The Neustar Q2 2019 Cyber Threats and Trends report says that between April and June this year, more than three quarters of all Distributed Denial of Service (DDoS) attacks were 5 Gbps or less.
Large-scale attacks, those of 100 Gbps and more, dropped by almost two thirds (64 per cent).
So, what’s the big deal with small-scale attacks? Neustar claims that these do not look to saturate the network link and draw attention to themselves. Instead, the goal is to either degrade, or disable just specific infrastructure within the target network.
The report speculates on the end goal of such an attack, claiming it could be to enable the hackers to get in – and out, of a network, unnoticed. It could also be used, the report argues, to keep the attack going longer. One such attack lasted almost two days.
Enterprises aren’t really capable of spotting these threats. Almost three quarters of CTOs, CISOs and Directors of Security (72 per cent) said it was highly unlikely that they’d spot such an attack, with the remaining 28 per cent being confident they’d spot it.
“With the rise of smaller DDoS attacks going under the radar, now is the time for organisations to deploy an ‘always on’ DDoS mitigation service that is constantly monitoring traffic to ensure threats of all sizes are detected, managed and diffused,” said Rodney Joffe, Senior Vice President, Senior Technologist and Fellow at Neustar.
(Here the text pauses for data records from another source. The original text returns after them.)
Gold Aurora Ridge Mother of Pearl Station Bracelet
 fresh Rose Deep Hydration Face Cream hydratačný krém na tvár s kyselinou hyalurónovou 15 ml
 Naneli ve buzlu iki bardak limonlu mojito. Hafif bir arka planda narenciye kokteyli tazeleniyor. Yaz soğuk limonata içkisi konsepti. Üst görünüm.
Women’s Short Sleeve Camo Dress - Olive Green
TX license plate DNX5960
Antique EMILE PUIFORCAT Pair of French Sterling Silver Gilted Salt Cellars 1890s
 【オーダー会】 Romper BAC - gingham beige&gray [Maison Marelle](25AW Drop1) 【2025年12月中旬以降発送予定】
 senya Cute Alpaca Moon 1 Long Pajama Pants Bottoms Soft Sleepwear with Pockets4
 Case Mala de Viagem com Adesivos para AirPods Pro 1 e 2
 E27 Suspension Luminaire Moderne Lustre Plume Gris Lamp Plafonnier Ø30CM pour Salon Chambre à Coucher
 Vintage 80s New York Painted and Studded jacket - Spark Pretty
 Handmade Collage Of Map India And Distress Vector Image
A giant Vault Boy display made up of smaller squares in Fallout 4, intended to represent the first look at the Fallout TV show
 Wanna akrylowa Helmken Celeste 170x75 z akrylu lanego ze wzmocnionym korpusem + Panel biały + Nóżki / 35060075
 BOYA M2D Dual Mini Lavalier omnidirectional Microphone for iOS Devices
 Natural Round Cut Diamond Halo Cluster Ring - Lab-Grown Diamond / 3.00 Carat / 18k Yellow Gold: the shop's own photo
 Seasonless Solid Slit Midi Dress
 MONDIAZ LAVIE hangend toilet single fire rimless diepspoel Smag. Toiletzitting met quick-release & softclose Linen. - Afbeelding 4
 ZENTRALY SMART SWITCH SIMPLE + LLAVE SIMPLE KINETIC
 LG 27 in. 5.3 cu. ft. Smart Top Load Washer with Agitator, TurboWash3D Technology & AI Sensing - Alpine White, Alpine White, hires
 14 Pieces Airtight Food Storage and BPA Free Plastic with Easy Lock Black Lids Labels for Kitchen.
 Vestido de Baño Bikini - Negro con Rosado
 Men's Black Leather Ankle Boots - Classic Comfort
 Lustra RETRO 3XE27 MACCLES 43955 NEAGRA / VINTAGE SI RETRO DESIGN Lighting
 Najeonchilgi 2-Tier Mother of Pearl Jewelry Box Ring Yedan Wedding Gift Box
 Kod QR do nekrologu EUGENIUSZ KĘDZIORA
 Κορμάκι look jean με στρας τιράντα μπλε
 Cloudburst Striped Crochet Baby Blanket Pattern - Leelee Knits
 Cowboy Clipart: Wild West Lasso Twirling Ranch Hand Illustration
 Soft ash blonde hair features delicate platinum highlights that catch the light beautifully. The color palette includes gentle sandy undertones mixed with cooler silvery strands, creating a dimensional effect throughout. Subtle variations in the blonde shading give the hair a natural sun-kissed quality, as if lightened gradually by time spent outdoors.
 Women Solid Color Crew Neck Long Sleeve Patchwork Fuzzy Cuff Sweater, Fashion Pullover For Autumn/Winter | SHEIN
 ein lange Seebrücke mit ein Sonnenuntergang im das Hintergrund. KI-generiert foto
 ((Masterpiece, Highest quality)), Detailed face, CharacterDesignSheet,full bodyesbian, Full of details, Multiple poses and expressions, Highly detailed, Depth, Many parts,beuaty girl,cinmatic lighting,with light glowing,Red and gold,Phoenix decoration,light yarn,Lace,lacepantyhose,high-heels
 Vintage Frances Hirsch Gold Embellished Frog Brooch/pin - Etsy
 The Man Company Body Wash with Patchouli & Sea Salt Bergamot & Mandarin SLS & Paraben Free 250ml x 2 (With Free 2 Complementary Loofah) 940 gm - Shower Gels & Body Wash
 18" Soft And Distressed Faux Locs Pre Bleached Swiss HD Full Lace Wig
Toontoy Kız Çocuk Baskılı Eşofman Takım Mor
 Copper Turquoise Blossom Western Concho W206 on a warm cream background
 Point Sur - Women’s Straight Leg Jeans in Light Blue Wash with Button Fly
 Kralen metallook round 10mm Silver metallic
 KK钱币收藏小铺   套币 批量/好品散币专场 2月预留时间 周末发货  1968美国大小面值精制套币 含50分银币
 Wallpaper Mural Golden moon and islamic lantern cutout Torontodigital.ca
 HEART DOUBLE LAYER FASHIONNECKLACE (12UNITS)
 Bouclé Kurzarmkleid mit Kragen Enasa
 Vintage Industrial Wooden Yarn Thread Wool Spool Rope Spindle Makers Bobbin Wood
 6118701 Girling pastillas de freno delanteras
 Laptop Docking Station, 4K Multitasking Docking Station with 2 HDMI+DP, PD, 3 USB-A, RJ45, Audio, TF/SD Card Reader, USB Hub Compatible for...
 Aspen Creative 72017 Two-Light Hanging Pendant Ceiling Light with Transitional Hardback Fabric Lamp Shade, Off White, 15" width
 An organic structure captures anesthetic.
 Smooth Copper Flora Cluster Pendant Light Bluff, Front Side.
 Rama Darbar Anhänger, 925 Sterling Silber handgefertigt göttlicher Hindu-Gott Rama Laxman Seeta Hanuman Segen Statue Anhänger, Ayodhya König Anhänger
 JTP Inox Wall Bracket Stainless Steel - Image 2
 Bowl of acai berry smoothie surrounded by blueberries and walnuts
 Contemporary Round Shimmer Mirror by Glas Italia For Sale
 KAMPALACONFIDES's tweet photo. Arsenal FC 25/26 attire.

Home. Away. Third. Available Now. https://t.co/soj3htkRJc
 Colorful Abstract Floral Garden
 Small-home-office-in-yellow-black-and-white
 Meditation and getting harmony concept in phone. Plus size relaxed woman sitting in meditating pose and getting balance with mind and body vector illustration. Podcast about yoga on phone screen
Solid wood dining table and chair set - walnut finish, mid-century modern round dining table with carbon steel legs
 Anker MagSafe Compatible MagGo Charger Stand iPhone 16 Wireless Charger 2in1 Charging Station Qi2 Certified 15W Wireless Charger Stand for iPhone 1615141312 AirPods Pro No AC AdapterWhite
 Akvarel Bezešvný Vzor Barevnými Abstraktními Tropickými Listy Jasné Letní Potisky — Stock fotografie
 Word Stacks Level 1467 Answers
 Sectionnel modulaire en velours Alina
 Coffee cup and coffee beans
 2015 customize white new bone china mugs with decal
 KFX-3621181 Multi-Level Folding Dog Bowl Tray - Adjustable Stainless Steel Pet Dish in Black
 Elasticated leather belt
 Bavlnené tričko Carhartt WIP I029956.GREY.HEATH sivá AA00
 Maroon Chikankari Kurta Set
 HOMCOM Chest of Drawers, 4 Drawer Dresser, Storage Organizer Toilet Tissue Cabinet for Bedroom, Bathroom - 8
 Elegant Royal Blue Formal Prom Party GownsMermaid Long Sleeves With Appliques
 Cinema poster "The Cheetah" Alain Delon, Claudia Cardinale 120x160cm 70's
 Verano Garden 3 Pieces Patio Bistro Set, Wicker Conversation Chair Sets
“Now, with most of today’s attacks directed at specific services, gateways and applications – therefore requiring less traffic to bring it down – a greater level of understanding from businesses to determine the protection they need is essential. The first stage of this is to determine what is valuable, not what is vulnerable. One of the best ways to separate vulnerability from value is to create a ‘risk register’ that starts from the inside and focuses on your most critical business assets,” Joffe added.